Provided data START
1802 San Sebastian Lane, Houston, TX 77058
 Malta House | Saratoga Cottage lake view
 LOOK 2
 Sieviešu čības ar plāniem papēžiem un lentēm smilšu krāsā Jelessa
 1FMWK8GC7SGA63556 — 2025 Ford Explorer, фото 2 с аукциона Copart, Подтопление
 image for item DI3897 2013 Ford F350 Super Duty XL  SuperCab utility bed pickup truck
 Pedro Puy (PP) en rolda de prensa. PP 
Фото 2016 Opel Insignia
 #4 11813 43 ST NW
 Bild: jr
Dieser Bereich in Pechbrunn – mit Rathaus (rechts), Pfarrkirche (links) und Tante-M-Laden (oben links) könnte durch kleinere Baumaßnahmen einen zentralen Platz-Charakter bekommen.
Provided data END
- _Task brief_: The number of lines in the data that hold "Ford" must be the entire answer.

- _The completed task_: 2